## EXTRACTED INFORMATION
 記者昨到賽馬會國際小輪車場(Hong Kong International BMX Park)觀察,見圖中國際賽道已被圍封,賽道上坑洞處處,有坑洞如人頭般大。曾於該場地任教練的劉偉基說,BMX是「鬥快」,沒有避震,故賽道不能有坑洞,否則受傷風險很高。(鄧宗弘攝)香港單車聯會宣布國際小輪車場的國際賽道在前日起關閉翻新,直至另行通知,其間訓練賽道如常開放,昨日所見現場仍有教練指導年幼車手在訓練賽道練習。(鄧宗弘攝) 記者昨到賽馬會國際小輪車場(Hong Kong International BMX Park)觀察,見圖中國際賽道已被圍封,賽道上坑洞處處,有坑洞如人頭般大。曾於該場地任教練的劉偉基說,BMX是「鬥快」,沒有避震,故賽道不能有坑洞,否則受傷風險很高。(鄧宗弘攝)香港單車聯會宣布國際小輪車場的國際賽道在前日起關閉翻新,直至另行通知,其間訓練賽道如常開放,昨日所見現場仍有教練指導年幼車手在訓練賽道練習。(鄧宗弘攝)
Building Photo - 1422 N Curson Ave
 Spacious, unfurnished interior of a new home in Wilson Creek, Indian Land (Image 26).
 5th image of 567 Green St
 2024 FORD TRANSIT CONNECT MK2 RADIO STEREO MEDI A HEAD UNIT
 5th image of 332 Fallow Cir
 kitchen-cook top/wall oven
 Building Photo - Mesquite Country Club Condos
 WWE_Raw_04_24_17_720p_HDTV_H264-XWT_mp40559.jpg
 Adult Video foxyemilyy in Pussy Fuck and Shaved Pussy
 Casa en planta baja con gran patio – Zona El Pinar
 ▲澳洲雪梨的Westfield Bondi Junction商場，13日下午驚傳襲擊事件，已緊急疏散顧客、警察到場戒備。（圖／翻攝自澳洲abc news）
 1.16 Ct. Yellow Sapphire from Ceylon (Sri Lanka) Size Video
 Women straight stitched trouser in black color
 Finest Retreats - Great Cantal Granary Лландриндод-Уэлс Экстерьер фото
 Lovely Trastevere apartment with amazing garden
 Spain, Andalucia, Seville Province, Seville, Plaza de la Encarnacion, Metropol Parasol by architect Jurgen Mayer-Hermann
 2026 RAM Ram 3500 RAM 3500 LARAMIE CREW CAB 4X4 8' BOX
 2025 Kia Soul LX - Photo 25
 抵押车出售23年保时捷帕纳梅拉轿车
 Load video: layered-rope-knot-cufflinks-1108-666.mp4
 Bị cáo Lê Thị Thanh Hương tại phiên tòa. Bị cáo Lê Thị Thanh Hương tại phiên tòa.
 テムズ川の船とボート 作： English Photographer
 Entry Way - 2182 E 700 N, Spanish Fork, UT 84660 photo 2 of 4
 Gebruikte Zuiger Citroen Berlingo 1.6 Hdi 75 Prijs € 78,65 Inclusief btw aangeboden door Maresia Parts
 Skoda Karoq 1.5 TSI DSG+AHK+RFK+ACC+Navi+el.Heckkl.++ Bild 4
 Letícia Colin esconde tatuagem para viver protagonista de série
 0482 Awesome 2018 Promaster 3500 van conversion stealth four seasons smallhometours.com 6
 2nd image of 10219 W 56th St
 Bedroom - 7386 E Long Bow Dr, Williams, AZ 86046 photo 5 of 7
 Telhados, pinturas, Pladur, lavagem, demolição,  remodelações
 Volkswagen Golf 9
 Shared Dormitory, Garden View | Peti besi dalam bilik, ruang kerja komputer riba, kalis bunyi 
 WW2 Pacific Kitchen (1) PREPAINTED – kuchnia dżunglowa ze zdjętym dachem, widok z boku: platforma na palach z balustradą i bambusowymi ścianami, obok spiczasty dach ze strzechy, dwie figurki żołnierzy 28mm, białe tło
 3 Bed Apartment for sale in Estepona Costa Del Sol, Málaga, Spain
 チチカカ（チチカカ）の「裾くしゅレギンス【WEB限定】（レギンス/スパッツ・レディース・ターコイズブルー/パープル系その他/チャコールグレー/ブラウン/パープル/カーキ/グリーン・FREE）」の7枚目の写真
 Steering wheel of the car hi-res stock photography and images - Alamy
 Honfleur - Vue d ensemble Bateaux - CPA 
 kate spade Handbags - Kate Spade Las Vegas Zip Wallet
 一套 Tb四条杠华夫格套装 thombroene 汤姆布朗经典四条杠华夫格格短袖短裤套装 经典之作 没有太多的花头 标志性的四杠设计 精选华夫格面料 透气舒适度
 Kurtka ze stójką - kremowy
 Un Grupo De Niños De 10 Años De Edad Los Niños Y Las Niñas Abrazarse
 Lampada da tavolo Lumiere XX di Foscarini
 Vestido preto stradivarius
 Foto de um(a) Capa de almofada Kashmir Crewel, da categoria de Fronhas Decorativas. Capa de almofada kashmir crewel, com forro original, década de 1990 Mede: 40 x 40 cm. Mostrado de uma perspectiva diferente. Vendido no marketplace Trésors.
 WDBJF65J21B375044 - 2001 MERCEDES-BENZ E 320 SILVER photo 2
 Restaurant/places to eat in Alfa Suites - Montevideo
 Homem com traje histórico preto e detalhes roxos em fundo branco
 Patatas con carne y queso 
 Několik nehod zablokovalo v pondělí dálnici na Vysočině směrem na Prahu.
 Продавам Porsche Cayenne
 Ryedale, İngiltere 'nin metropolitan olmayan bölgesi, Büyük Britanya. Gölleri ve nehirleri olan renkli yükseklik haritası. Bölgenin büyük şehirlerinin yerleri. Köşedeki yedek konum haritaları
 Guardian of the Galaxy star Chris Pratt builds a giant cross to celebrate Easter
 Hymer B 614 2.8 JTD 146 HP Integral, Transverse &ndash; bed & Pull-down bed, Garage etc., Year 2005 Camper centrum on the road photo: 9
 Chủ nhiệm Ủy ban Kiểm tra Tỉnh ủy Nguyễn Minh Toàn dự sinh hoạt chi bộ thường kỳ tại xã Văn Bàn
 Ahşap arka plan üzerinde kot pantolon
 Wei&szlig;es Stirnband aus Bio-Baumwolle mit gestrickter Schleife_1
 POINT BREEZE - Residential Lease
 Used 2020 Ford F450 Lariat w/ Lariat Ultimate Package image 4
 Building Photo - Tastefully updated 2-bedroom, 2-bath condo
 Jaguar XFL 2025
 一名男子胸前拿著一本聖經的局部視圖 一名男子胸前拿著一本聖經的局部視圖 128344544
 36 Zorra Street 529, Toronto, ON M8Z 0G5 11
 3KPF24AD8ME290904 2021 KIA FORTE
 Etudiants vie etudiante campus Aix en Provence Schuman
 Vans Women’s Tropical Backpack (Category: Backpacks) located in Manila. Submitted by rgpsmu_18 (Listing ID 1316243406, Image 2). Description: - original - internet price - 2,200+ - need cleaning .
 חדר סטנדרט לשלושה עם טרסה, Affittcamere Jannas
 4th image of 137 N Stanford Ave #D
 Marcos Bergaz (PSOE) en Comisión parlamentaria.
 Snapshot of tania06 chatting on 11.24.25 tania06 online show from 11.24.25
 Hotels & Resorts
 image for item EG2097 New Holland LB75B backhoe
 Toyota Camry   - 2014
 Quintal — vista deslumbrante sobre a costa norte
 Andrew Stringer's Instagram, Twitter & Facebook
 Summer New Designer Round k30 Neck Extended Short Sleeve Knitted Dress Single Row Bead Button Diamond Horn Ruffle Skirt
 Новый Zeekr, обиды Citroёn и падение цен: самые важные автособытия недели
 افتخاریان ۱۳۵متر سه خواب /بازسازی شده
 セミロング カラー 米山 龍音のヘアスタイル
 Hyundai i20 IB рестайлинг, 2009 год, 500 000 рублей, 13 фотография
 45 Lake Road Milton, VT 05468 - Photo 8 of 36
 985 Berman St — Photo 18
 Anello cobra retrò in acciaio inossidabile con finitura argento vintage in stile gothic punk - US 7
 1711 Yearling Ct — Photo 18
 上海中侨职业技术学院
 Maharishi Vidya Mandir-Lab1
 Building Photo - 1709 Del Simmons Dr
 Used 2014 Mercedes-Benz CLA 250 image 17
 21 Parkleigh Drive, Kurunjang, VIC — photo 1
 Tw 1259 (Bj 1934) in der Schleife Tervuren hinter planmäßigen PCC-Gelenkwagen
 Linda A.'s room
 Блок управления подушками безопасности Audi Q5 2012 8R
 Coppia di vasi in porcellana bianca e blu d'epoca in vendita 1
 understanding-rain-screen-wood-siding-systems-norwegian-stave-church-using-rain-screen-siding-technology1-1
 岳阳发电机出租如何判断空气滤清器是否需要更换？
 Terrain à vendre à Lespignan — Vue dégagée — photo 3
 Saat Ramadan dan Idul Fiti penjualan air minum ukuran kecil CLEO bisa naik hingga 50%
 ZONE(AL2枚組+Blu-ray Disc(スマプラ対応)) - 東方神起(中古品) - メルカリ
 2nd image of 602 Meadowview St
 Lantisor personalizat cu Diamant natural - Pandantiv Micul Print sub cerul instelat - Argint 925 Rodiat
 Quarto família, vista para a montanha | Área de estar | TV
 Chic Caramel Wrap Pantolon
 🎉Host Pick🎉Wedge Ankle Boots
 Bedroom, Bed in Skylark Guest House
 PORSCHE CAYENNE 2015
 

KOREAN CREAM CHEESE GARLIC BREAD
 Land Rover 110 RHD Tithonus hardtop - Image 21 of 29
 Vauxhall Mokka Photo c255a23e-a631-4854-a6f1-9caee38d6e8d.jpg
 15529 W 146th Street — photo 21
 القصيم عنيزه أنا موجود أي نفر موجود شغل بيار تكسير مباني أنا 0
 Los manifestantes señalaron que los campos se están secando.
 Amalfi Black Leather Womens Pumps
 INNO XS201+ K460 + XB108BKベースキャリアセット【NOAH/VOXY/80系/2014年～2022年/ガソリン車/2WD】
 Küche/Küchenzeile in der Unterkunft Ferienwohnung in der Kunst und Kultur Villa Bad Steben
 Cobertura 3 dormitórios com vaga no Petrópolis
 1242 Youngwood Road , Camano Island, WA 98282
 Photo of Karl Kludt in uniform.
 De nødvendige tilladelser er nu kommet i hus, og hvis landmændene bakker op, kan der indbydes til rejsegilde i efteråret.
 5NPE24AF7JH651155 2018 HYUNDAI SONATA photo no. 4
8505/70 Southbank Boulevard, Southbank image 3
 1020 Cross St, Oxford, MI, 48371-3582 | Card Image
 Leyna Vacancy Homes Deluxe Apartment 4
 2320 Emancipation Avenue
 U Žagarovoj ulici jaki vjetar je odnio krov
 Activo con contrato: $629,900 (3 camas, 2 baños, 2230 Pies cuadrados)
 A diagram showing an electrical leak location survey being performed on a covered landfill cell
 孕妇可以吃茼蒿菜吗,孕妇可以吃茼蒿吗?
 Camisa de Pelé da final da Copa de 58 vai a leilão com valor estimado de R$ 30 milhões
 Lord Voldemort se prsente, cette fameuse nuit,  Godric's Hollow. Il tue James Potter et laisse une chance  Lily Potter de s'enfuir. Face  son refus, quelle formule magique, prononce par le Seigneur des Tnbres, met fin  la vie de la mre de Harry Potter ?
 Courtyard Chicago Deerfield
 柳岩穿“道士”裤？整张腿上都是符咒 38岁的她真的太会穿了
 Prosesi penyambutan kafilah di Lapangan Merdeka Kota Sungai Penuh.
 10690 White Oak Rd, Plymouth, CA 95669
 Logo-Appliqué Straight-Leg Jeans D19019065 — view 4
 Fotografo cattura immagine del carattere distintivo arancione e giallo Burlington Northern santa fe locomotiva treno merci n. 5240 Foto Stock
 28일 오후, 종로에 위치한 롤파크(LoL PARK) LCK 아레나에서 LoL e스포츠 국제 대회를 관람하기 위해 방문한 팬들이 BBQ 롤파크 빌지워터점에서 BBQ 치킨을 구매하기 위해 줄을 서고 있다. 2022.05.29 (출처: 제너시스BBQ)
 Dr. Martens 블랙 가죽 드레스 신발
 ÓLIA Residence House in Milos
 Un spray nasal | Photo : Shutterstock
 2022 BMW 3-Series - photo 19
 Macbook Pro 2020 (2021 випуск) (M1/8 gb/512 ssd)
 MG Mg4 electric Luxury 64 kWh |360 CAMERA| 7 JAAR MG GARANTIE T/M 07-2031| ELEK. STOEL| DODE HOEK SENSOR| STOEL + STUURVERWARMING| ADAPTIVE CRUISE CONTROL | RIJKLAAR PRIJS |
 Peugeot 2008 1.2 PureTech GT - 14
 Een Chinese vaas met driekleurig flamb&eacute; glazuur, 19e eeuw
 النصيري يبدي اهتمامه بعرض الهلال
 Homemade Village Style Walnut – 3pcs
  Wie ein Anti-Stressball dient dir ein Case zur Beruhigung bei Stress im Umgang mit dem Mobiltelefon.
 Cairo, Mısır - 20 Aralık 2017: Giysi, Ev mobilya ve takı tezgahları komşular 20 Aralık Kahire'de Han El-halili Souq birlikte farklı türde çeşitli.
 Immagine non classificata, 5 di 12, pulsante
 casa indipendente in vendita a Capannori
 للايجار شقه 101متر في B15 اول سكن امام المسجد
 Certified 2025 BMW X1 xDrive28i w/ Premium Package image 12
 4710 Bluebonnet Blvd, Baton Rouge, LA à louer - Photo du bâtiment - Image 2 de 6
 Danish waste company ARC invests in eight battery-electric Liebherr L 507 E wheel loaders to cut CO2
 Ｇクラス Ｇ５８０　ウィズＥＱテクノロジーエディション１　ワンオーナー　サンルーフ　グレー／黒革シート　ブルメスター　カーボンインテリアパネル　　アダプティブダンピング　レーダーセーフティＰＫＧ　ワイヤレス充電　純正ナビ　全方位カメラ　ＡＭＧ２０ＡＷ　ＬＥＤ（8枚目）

## EXERCISE AIM
All lines in the listing above between the line with "4th image of 137 N Stanford Ave #D" and the line with "Andrew Stringer's Instagram, Twitter", inclusive, should be set down exactly, and no line outside that range.

## WRITTEN REPLY
 4th image of 137 N Stanford Ave #D
 Marcos Bergaz (PSOE) en Comisión parlamentaria.
 Snapshot of tania06 chatting on 11.24.25 tania06 online show from 11.24.25
 Hotels & Resorts
 image for item EG2097 New Holland LB75B backhoe
 Toyota Camry   - 2014
 Quintal — vista deslumbrante sobre a costa norte
 Andrew Stringer's Instagram, Twitter & Facebook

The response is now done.